Automotive standard open to interpretation
By Christoph Hammerschmidt, Embedded.com
Jun 4 2007 (9:00 AM)
Stuttgart, Germany -- The pursuit of different options within the Autosar automotive-software platform is leading to software incompatibilities that could undermine the standard's high-level goals, according to experts. That would be ironic, because Autosar was set up by automotive OEMs and their tier-one suppliers to control the complexity and diversity in their vehicles' software.
The main idea behind the Autosar standard, presently available in version 2.1, is to uncouple software-implemented functions from the vehicle's microcontrollers and electronic control unit (ECU) hardware through an intermediate and strictly defined layer. The Autosar Consortium is aiming not only to standardize critical system functions but also to create a platform that allows the integration of software from different vendors, increasing the efficiency of the overall industry.

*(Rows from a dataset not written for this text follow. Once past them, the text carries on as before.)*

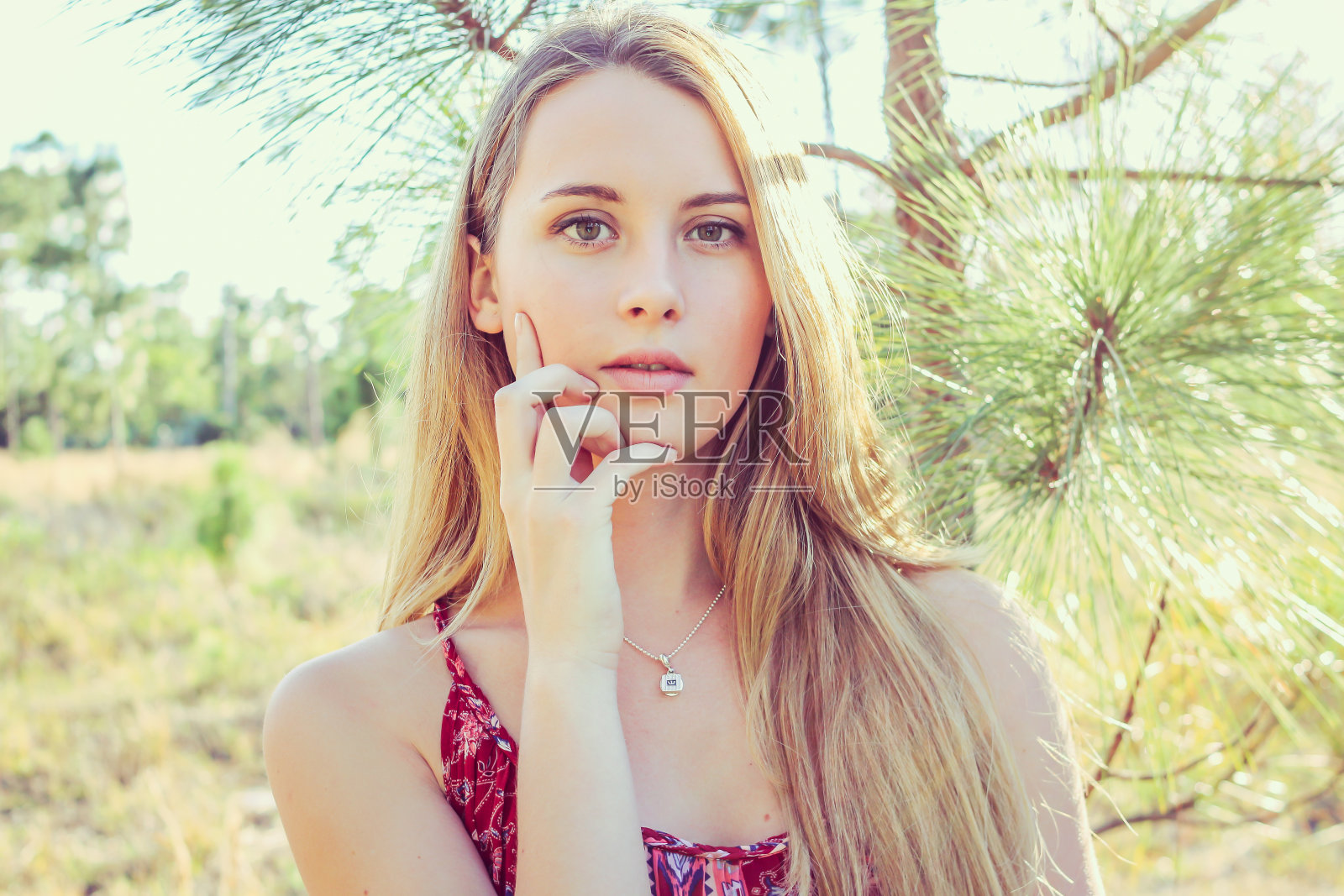 隔壁的她照片摄影图片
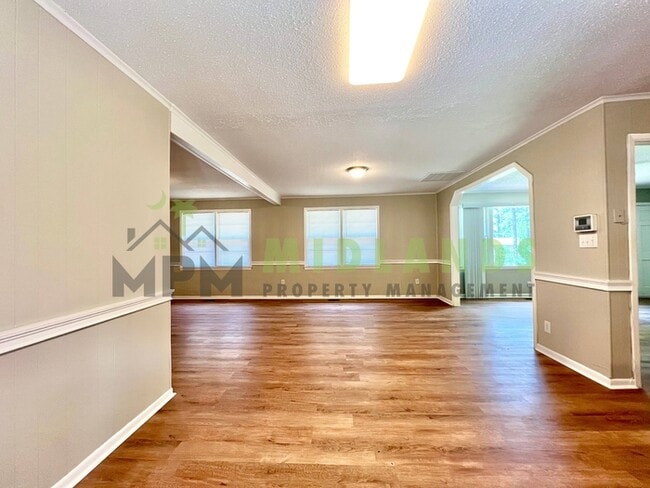 Building Photo - 202 Partridge Dr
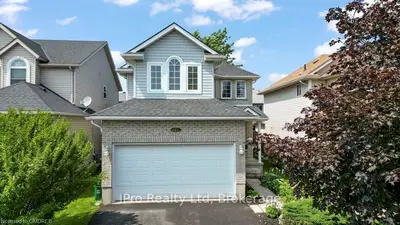 791 HUNTERS GATE Crescent, Woodstock, ON N4V 1G3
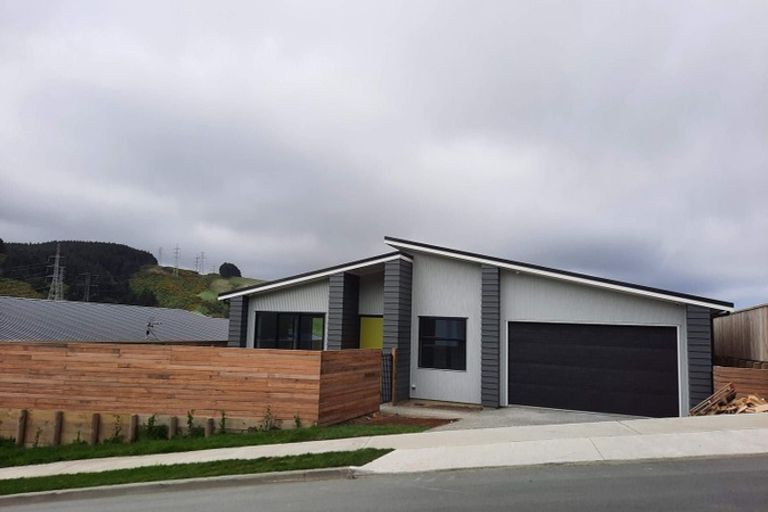 Photo of property in 36 Atherton Terrace, Churton Park, Wellington, 6037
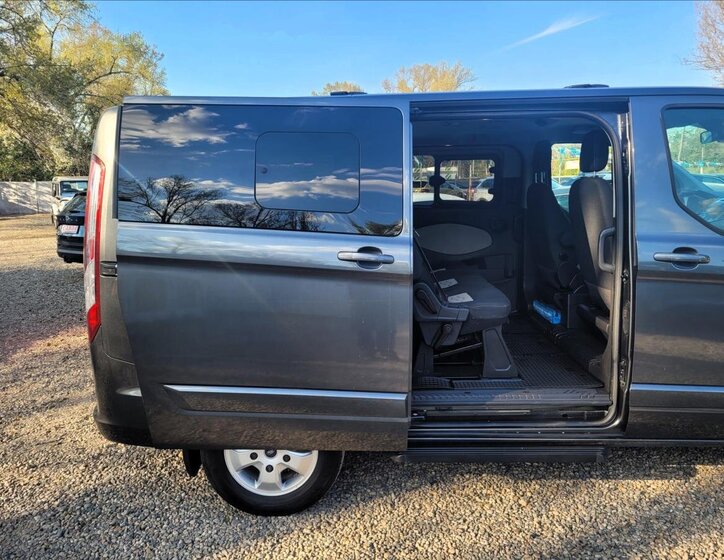 Ford Tourneo Custom MPV 2,0 l 125 kw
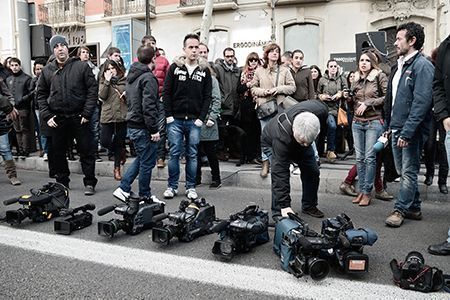 En el 10º aniversario del asesinato de José Couso periodistas pidieron justicia ante de la embajada de EEUU en Madrid.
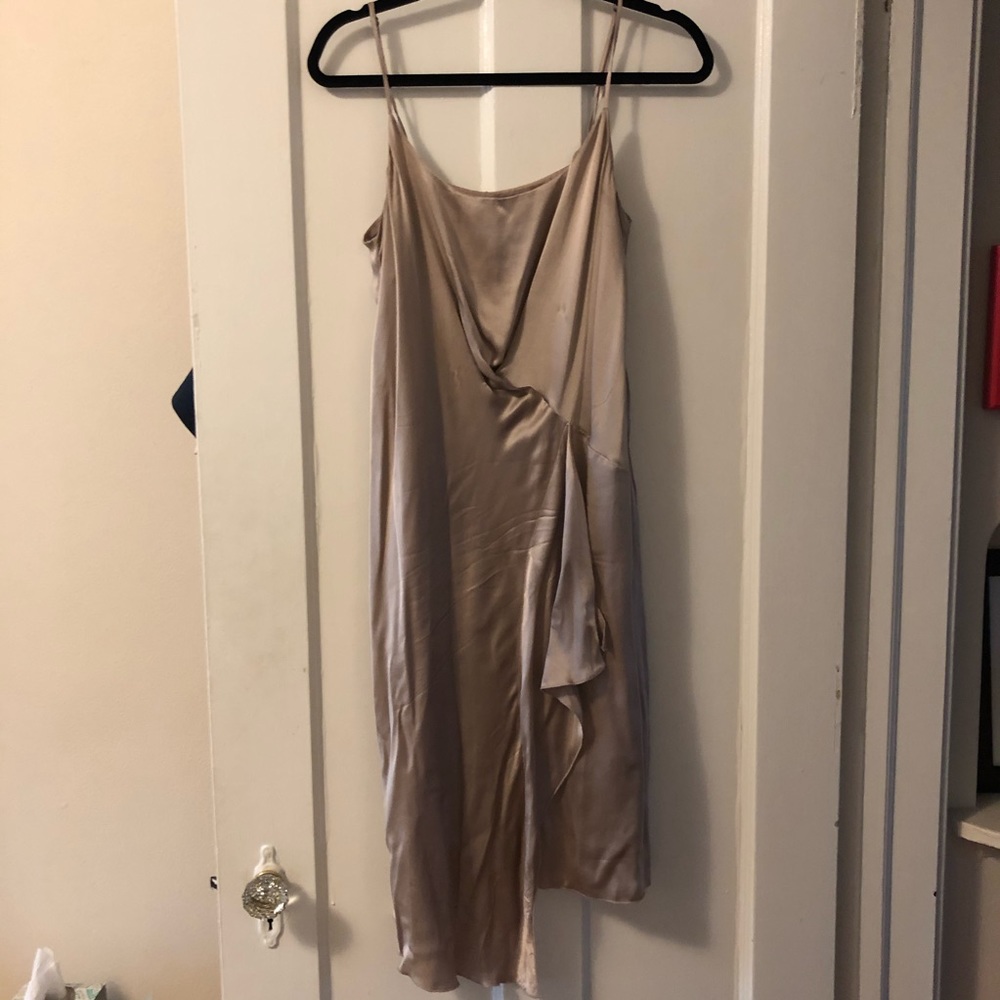 moving sale 🎉 100% silk slip dress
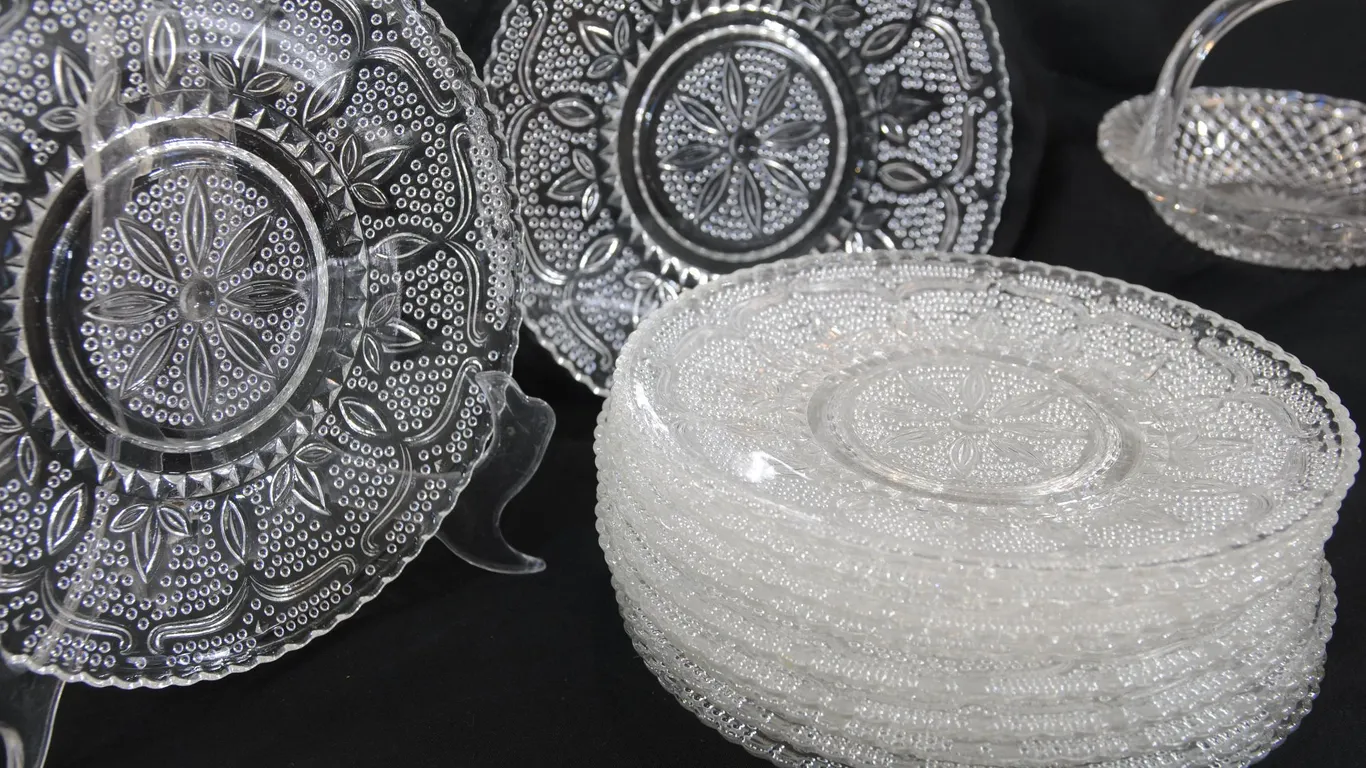 Vintage Federal Glass Co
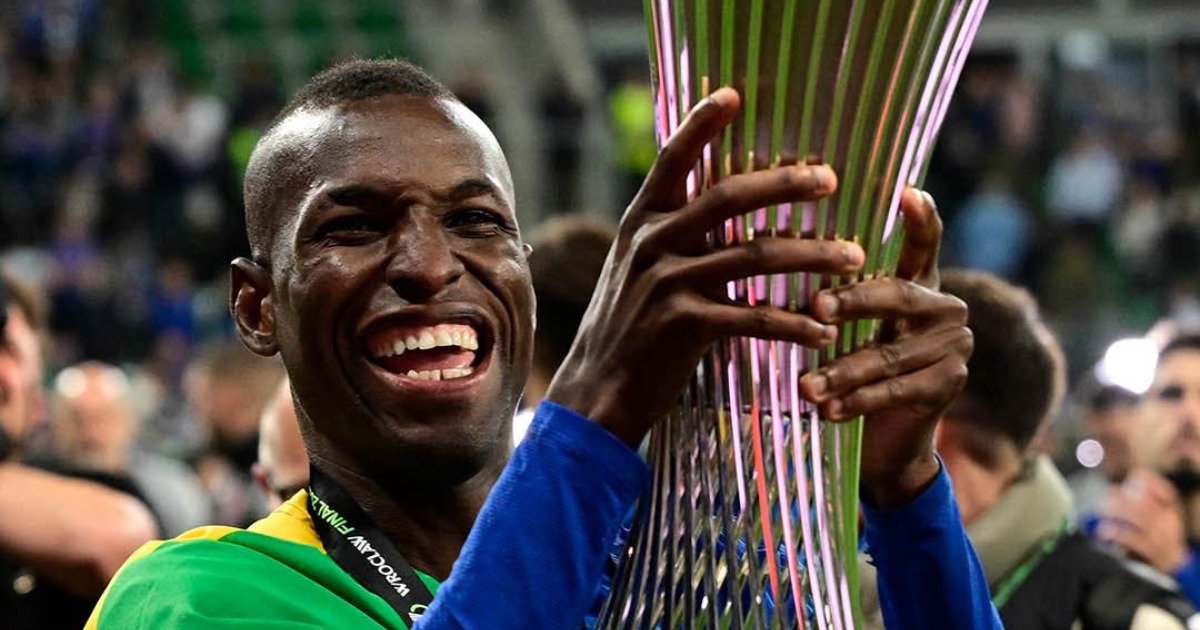 Senegal's Nicolas Jackson helps Chelsea lift the Uefa Conference League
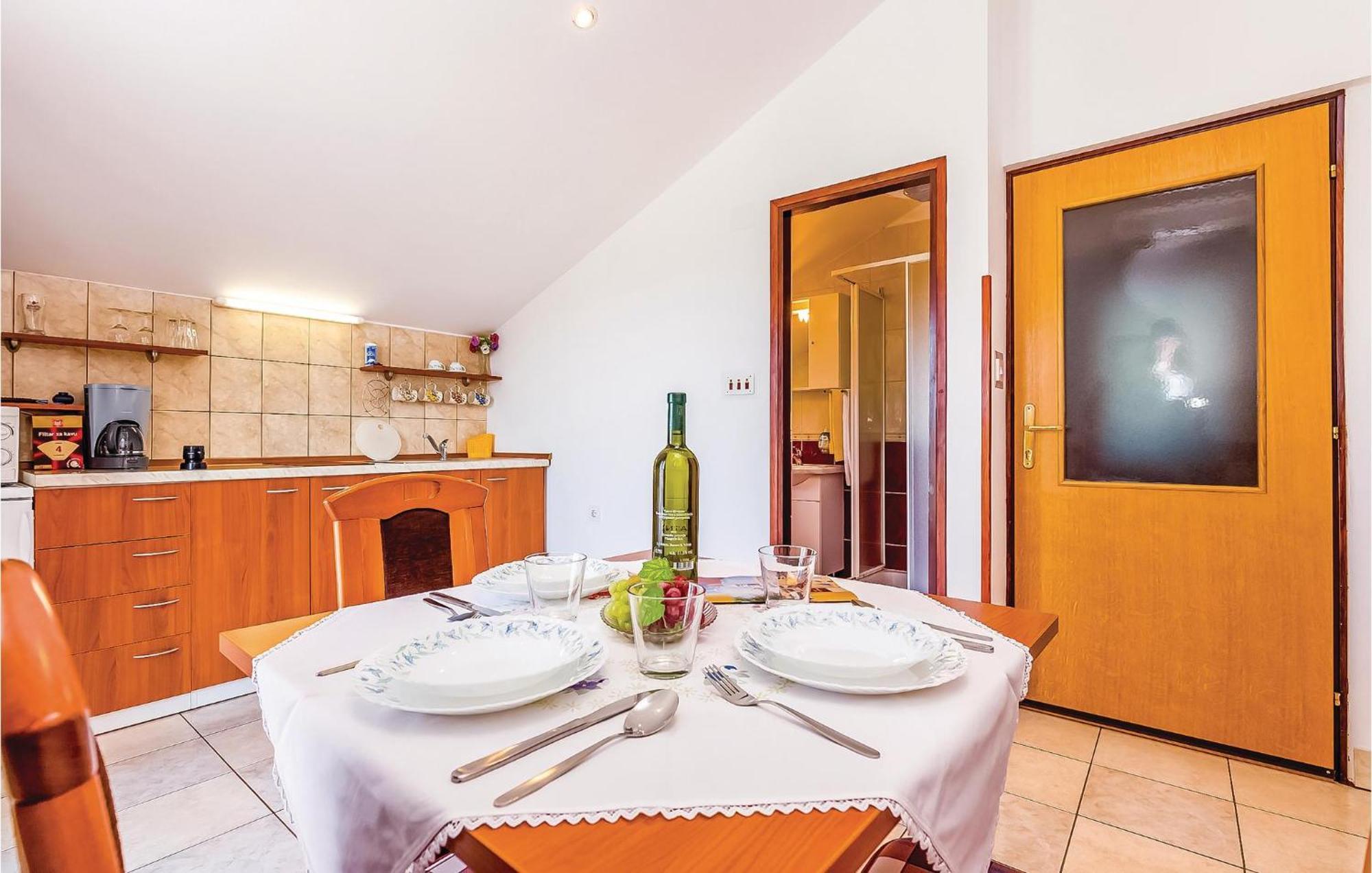 Lovely Apartment In Krk With Wifi Brzac Εξωτερικό φωτογραφία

But at the dawn of the implementation phase, the first obstacles are appearing in the developers' windshields. One major question is which version of the standard should be implemented. During the standard creation process, many participants--OEMs as well as tier-one supplier companies--lobbied to get functions included that not all consortium members were interested in. For example, the standard provides three possibilities as to when in the design process developers must commit to a specific communications strategy. The strategy that defines communications topologies and the protocols to be used by an ECU can be determined either at precompile time--with the effect that the ECU running the respective software will be communicating in a fixed way--or at link time, allowing some flexibility.